Domain decomposition provides an effective way to tackle the dilemma of physicsinformed
neural networks (PINN) which struggle to accurately and efficiently solve partial differential
equations (PDEs) in the whole domain, but the lack of efficient tools for dealing with the
interfaces between two adjacent sub-domains heavily hinders the training effects, even leads to the
discontinuity of the learned solutions. In this paper, we propose a symmetry group based domain
decomposition strategy to enhance the PINN for solving the forward and inverse problems of the
PDEs possessing a Lie symmetry group. Specifically, for the forward problem, we first deploy
the symmetry group to generate the dividing-lines having known solution information which can
be adjusted flexibly and are used to divide the whole training domain into a finite number of
non-overlapping sub-domains, then utilize the PINN and the symmetry-enhanced PINN methods
to learn the solutions in each sub-domain and finally stitch them to the overall solution of PDEs.

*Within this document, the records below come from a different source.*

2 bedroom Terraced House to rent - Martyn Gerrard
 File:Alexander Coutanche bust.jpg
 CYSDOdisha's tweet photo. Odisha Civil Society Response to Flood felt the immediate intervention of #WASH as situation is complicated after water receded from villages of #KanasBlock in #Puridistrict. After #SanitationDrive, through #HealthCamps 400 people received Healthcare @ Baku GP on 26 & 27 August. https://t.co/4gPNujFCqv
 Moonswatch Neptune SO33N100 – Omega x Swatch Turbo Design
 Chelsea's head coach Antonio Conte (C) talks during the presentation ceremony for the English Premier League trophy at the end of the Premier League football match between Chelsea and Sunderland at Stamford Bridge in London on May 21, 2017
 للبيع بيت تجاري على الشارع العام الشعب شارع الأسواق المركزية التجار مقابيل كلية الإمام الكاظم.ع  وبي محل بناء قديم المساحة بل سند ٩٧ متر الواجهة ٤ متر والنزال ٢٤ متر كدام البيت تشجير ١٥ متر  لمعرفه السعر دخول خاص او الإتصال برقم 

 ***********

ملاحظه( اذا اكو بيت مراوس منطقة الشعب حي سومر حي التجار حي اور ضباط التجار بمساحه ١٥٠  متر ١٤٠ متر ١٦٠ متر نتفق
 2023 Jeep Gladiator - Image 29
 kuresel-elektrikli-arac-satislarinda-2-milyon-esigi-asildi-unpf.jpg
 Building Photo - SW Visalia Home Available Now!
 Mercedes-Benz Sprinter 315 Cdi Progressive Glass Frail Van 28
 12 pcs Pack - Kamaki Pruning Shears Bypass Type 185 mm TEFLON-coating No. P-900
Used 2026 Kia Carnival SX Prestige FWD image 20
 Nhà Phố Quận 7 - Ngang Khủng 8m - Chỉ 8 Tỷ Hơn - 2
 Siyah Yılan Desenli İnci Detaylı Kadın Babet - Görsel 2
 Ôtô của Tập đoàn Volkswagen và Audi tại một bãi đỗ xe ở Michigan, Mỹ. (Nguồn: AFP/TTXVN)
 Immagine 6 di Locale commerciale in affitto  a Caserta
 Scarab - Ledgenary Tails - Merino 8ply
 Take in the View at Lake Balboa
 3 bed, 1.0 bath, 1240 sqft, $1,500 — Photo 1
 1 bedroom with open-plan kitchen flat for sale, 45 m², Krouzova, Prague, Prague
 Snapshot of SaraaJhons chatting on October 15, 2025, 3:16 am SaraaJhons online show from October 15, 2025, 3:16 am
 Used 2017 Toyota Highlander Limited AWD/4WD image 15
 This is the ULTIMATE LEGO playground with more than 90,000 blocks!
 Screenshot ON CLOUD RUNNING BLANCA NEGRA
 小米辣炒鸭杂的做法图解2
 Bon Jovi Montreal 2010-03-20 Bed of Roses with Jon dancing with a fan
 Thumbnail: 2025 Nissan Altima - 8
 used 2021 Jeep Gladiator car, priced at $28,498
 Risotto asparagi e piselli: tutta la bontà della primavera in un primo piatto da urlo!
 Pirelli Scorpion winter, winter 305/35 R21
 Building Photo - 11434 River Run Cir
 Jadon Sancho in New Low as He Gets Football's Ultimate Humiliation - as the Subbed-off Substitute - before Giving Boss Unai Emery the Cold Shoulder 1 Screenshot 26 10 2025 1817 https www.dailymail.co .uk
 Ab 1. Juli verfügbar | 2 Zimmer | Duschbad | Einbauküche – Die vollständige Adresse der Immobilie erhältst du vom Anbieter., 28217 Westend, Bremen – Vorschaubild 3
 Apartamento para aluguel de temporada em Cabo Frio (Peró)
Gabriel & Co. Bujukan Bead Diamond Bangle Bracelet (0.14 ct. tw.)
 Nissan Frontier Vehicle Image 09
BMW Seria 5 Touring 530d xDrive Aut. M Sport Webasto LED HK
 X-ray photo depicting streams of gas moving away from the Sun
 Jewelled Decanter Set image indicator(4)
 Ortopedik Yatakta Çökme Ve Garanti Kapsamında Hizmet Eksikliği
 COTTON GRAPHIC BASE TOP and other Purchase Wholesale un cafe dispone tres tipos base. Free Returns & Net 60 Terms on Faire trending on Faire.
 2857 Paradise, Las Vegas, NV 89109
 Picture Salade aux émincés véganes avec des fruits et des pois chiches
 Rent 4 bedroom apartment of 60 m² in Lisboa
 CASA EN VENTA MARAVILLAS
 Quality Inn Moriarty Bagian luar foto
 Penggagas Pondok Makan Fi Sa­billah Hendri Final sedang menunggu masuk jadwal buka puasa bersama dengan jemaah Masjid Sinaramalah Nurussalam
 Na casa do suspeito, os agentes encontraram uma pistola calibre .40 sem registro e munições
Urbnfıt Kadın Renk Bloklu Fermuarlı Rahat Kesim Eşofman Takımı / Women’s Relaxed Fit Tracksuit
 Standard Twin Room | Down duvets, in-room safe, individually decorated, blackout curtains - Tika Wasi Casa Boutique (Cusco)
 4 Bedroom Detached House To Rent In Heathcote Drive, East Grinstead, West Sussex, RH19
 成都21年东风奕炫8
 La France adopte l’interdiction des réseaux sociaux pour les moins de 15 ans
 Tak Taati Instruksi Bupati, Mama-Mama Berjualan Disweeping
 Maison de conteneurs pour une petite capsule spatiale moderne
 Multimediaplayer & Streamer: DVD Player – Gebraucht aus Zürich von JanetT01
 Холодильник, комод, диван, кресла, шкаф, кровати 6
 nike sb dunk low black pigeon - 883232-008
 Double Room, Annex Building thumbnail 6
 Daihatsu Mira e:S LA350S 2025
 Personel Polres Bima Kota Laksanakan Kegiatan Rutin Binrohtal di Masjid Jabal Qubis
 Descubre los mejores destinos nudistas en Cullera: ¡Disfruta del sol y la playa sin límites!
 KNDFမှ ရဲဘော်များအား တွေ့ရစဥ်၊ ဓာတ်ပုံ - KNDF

For the inverse problem, we first utilize the symmetry group acting on the data of the initial
and boundary conditions to generate labeled data in the interior domain of PDEs and then find
the undetermined parameters as well as the solution by only training the neural networks in a
sub-domain. Consequently, the proposed method can predict high-accuracy solutions of PDEs
which are failed by the vanilla PINN in the whole domain and the extended physics-informed
neural network in the same sub-domains. Numerical results of the Korteweg-de Vries equation
with a translation symmetry and the nonlinear viscous fluid equation with a scaling symmetry
show that the accuracies of the learned solutions are improved largely.